As the days ticked by until my wedding, morning twilight frequently found me sitting in pajamas with red spectacles and a messy bun, sipping from a large mug of coffee not quite large enough. October arrived, and my days kept starting earlier, often before sunrise as a random thought tied to the coming festivities stirred me awake…

“Ask Jason if we can borrow his suburban on Friday for transport.”

“Ensure Aaron has his original birth certificate for when we pick up the license.”

“Buy snarky t-shirts for the wedding coordinators and volunteers.”

“Create ‘thank you’s’ for friends who are hosting other friends for the wedding.”

With each irksome thought, I would rise from bed, prep the coffee, and walk our puppy, returning to the apartment to address the task that had visited that morning before beginning my work day.

It would be easy to look at the way I walked towards our wedding and think, “That girl is wound too tight. She cares about all this too much.”

But for anyone who has fought for a longing dearly, whether it was realized or not, I know you recognize the unbidden early morning nesting of someone nurturing hope in her own heart.

For me, the details became a way to stay present with a yearning so massive I feared it might crush me—not a longing for marriage per se, but a longing for the universe to be a place where love holds us across time and the hard work of building our lives in community is still kissed with a touch of divine magic. 

This wedding wasn’t about Aaron for me. It was about believing that the fabric of the universe is goodness. I know, real casual low stakes kind of stuff.

Whether you carry hope for a wedding, a career move, or a new friendship, the truth is this: all hope is an act of risk, and that means all hope is an act of mothering. 

With hope, there is no guarantee that the longing within will find fulfillment. But I have learned that to nurse my hope, to sing over it and rock it to sleep sweetly each night, to arise when it fusses and feed it with what it needs—those acts in and of themselves have transformative power. Because every time we tend to our hope, we not only expand our own capacity to love, but we also venture into a more wild and expansive terrain where love operates on a larger scale. And the more room we leave for love, the more people get to participate in love’s reach.

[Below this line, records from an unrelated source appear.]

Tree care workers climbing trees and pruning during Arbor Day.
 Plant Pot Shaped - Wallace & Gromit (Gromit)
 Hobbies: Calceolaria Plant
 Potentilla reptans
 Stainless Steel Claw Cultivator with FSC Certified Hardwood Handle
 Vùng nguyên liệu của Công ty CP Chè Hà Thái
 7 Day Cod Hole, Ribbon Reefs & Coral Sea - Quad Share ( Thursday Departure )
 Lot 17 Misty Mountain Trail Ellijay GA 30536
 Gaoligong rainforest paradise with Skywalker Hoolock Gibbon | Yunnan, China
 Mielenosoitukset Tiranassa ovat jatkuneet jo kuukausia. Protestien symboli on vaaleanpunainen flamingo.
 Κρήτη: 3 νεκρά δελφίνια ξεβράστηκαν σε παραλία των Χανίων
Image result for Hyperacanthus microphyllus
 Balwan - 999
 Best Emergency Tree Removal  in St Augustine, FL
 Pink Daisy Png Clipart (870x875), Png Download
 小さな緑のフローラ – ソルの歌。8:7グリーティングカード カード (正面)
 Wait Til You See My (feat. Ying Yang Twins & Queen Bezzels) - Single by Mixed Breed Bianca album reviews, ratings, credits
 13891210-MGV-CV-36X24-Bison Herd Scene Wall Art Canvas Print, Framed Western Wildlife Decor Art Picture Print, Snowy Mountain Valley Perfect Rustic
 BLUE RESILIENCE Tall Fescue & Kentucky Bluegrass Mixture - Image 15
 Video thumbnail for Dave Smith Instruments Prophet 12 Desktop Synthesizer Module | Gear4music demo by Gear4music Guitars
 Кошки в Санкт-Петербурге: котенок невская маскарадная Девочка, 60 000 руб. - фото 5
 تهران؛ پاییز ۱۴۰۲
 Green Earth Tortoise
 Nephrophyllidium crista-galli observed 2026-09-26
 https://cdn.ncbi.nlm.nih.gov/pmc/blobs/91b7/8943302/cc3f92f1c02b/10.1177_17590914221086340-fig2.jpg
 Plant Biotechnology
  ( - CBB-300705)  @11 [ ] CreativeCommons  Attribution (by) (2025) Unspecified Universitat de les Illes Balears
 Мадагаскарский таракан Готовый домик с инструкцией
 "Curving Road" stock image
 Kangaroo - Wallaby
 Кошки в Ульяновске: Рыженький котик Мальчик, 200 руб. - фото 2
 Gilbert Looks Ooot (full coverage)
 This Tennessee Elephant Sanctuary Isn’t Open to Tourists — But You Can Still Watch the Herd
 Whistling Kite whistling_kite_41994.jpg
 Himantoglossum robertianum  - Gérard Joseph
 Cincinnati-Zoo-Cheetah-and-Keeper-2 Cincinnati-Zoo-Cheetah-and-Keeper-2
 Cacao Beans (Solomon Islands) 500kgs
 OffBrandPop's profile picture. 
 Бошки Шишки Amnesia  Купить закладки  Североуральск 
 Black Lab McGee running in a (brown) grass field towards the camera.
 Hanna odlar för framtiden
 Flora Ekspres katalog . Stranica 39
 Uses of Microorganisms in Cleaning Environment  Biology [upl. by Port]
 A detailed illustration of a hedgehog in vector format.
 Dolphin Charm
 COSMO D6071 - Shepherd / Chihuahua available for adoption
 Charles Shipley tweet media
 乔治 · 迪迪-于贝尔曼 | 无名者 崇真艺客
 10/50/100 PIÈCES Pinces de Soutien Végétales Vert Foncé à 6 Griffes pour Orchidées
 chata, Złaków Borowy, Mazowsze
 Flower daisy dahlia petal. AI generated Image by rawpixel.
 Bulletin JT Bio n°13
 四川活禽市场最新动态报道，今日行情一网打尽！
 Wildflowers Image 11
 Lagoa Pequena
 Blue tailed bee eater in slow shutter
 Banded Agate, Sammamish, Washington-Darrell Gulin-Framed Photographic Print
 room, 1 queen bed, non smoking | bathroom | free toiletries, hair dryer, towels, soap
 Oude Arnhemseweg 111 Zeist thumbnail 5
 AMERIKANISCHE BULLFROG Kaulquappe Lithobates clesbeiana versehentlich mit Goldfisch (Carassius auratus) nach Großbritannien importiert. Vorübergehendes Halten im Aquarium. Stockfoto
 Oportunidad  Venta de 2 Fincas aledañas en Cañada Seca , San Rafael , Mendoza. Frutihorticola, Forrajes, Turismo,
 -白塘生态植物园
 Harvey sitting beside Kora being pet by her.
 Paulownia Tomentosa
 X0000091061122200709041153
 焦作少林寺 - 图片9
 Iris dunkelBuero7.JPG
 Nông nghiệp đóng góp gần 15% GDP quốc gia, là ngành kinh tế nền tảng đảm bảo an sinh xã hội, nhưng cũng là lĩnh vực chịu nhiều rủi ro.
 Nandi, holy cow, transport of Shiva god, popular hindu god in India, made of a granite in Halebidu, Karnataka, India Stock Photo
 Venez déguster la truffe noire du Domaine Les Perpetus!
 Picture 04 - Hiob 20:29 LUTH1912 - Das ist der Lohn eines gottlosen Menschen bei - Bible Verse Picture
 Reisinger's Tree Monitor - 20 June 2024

The night of our wedding, my grandfather took my hand unexpectedly and asked me for a dance. As Aaron led his mother off of the dance floor, I led my grandfather on. Soon, we were surrounded by a host of guests who had come to mark the evening with us, people literally spilling off the dance floor because there wasn’t enough space for all of us.

Katy Stafford dancing with her grandfather

From the center of the room, I watched PopPop’s eyes as we twirled and he took in a sea of faces gathered in part because he and MyPatty had also risked for love some sixty years ago. And in PopPop’s face, I saw everything I have been nurturing within my own heart these last few weeks, and months, and years:

This story we are all telling together, it’s a good one.

The people we are walking alongside, they are worthy of cherishing.

And this universe we are all living in, it’s been woven through with a joy that cannot be overwhelmed.